Será a realidade um mesclado? Será? Espírito e corpo? Basbaques que se lixem. Chovia sem parar em Santiago do Chile. Foi neste dia frio e triste que tive a visão do fantasma de Crespo Aguiar, meu avô. Uma experiência para lá de rica. Um embate milionário, eu diria, com os fatos oriundos de além-túmulo. Meu avô surgiu para mim desta forma, na penumbra desse dia frio como se fosse uma bandeira desfraldada. Tomou conta de um canto do quarto. Como um farol. Brilhava. Mais parecia uma mentira em que eu divagava. Mas ele me falou do Capitão Lamarca.
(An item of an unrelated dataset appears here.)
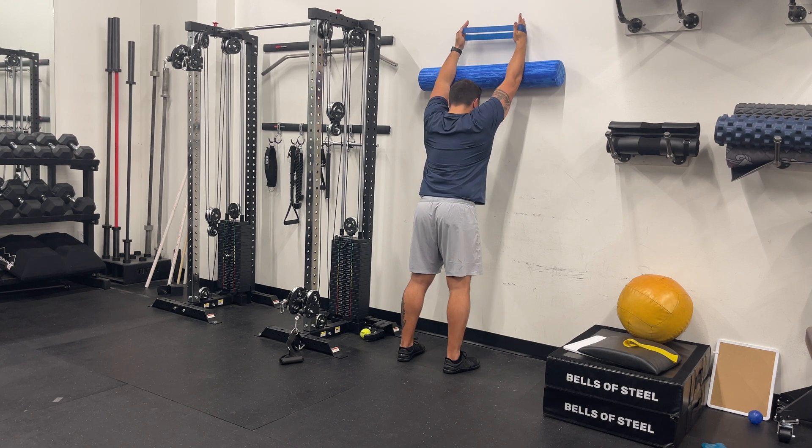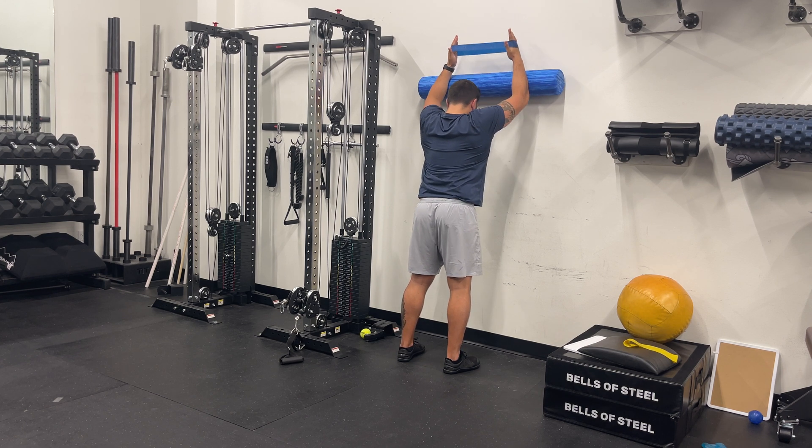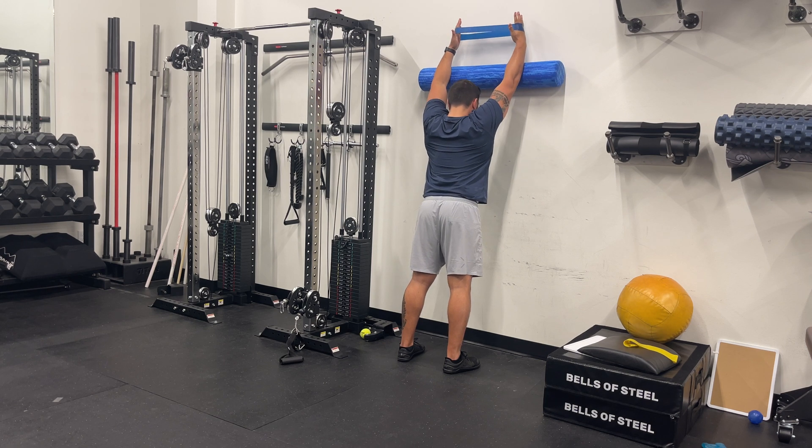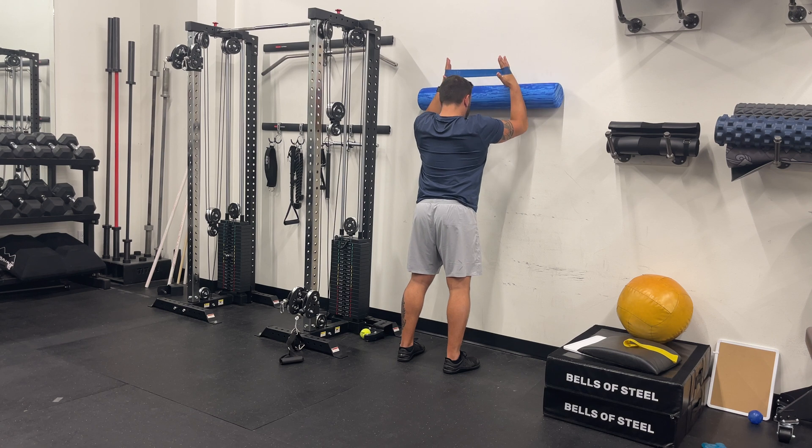Slowly slide your arms up the wall, maintaining tension on the band until your arms are fully extended overhead. Pause at the top, then slowly slide your arms back down, keeping the band taut.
Disse isto como se faltassem assuntos brasileiros que me completassem. Logo agora que decidi abandonar o ideário comunista. Surge para mim esse espectro de Crespo Aguiar, meu avô, que me causou certo incômodo, mas não medo, e vem contar certos causos ditos verídicos, afirmava Crespo, das entrelinhas de momentos contraditórios vividos no submundo da ditadura por Carlos Lamarca. Anjos e aeronaves alienígenas não me causariam tanto desconforto quanto ouvir meu avô discorrer fatos que ele ouvira ao pé de uma fogueira espiritual, diretamente do mais temido terrorista que jamais houvera no Brasil. Aquele culto, um santuário, que dediquei ao ouvir fatos discorridos por dias e dias. Até que disse ao meu avô que não queria mais ouvir dessas arengas revolucionárias. Ele que se materializasse com outras cartilhas. Para mim bastava o que já houvera dito. Quem sabe ele ficara zangado. Ou trocou de mal comigo. O certo é que. Por alguns dias, Crespo Aguiar, meu avô, desaparecera. Mas uma tarde, quase sem brilho, ele surgiu novamente. Desta vez estava sentado no sofá e trazia ao lado uma antiga conhecida de infância, com quem convivi no bairro de Pinheiros, onde cresci. Esta amiguinha havia morrido, em longínquos dias, de sarampo mal curado. Foi Aninha, essa menina, quem falou comigo. Meu avô Crespo só fazia ouvir. Disse Aninha que estava ali para me dar algum conforto na solidão em que vivia. Chamou-me de “porqueira”, depois de “barra limpa”, depois de “cara legal”. Depois conversamos de fato. E outros fantasmas foram surgindo. Sentavam-se ao redor. Todos bem brasileiros. Meu avô estava feliz. Parece que desta vez acertava. Ele finalmente estava conseguindo transferir todo o antigo bairro de Pinheiros para dentro da minha sala em Santiago do Chile.